The green lines in fluorescent tubes come from the mercury arc
discharge. There are several other narrow lines in the mercury
spectrum, but the green is brightest, not the least because human eyes
are most sensitive there. Mercury discharge makes a lot of UV. That is
why some can be used as germicidal lamps. If you use a germicidal lamp,
make sure to go overboard on the UV filtering, because the tube hasn't
any and is pumping out a whole lot of UV, enough to kill things. You
don't want it killing your retina. Actually, I would go overboard on UV
filtering any uncoated mercury tube, just to be safe. I like to see.

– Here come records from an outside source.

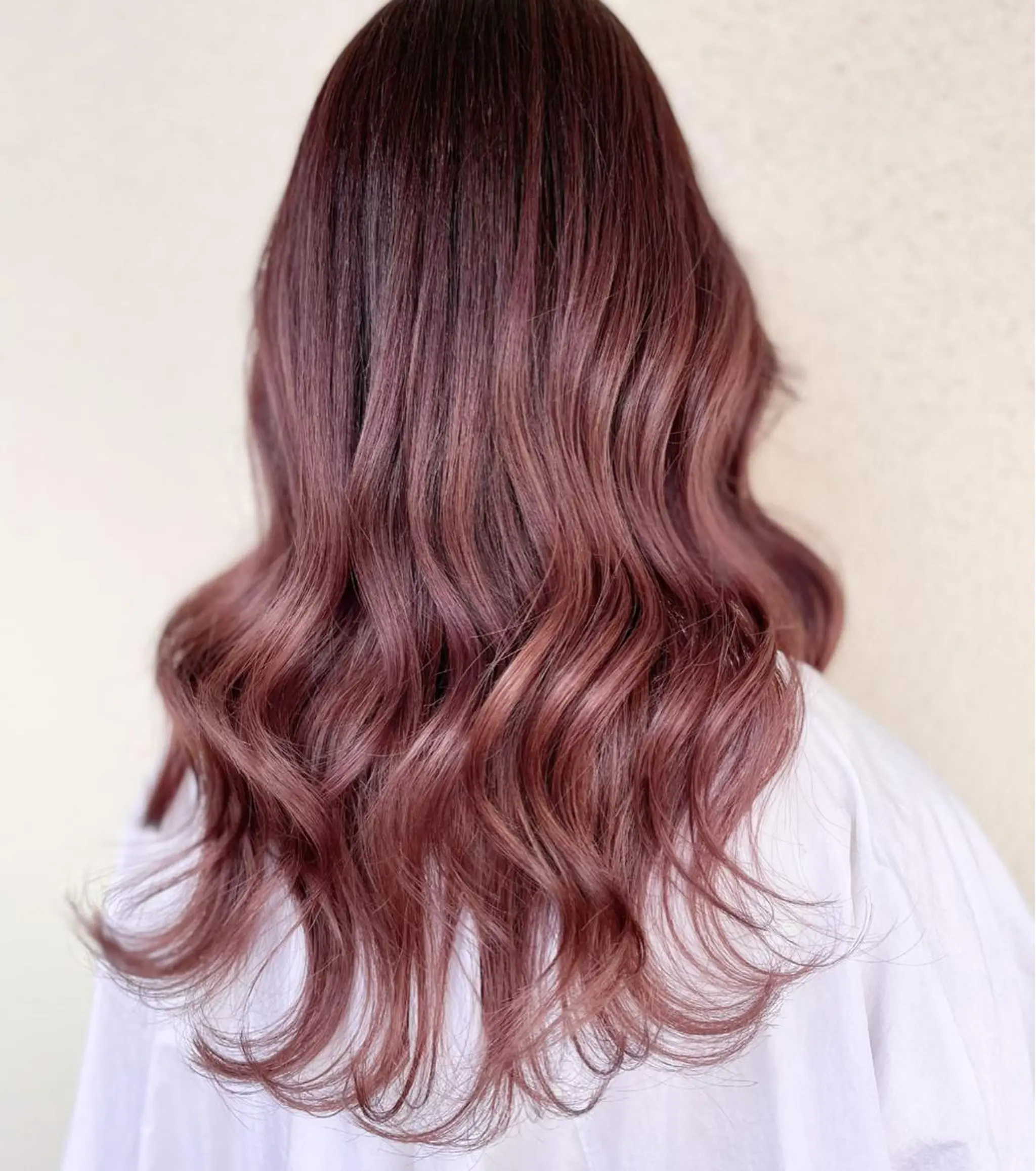 ロング 🌈8月末までシャ イン輝きハイトーン✨のヘアスタイル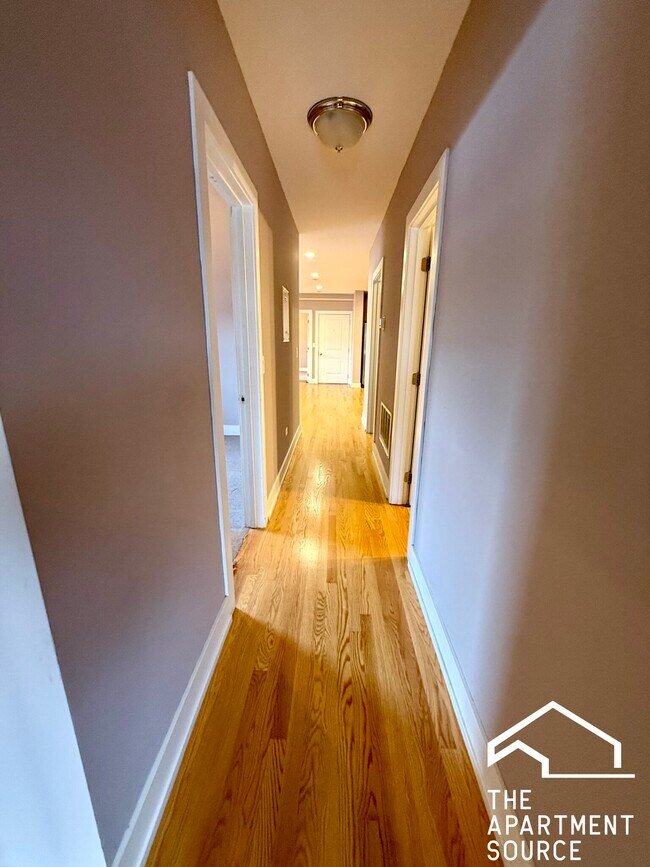 Building Photo - 3433 S Indiana Ave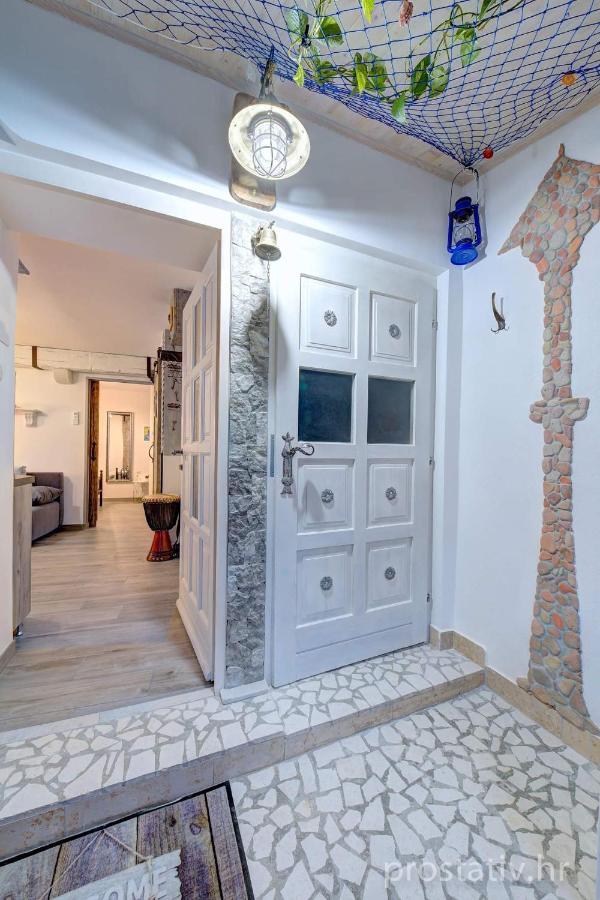 סנג' Apartmani Frankopan מראה חיצוני תמונה
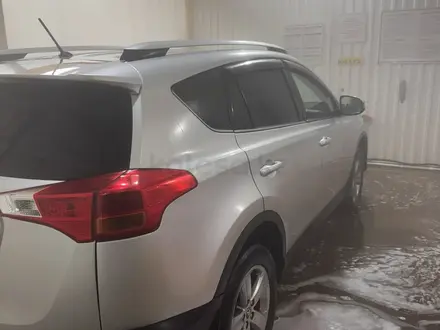 Toyota RAV4 2015 года за 8 500 000 тг. в Караганда – фото 23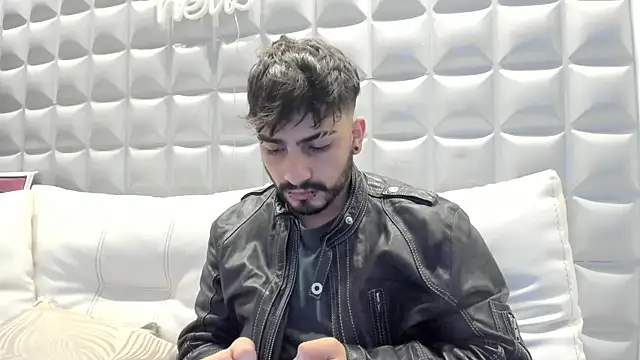 Jack Daniel   online show from 11-08-25, 06:29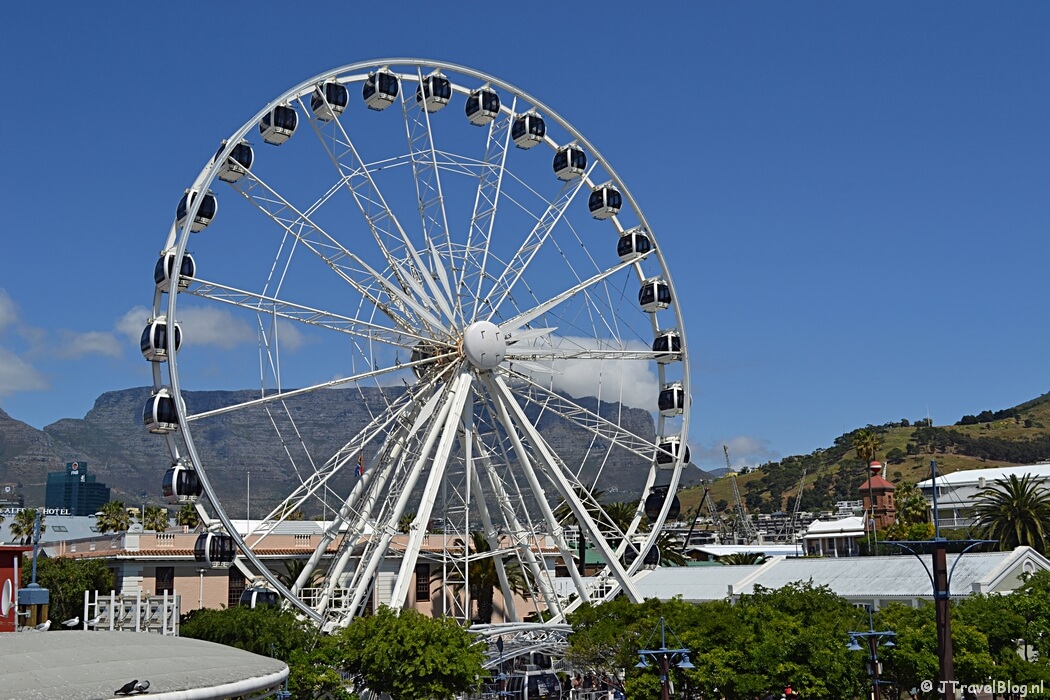 Het reuzenrad in Victoria & Albert Waterfront in Kaapstad
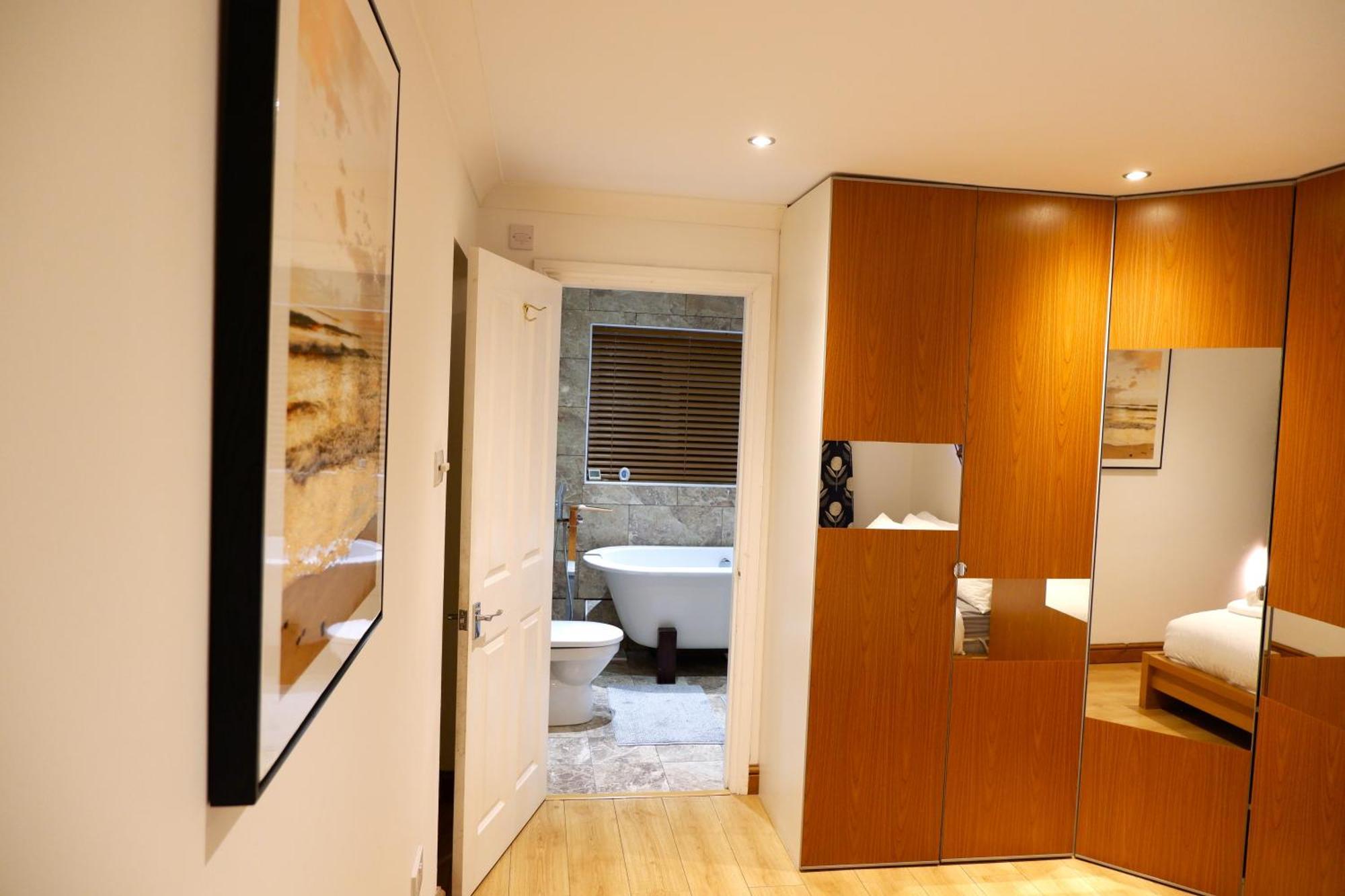 Dundridge - Morden Urban Living - Sleeps Up To 9 Guests & Private Parking For 2 Vehicles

Most people think the low pressure mercury discharge is way too green
for use as a general purpose illuminant, and also the energy in the UV
goes to waste. Hence the phosphor coating in ordinary fluorescent
tubes. The phosphor absorbs UV and emits in various bands, depending on
the type of phosphor. The bands are still narrow compared to sunlight,
but much wider than the narrow lines from the mercury discharge.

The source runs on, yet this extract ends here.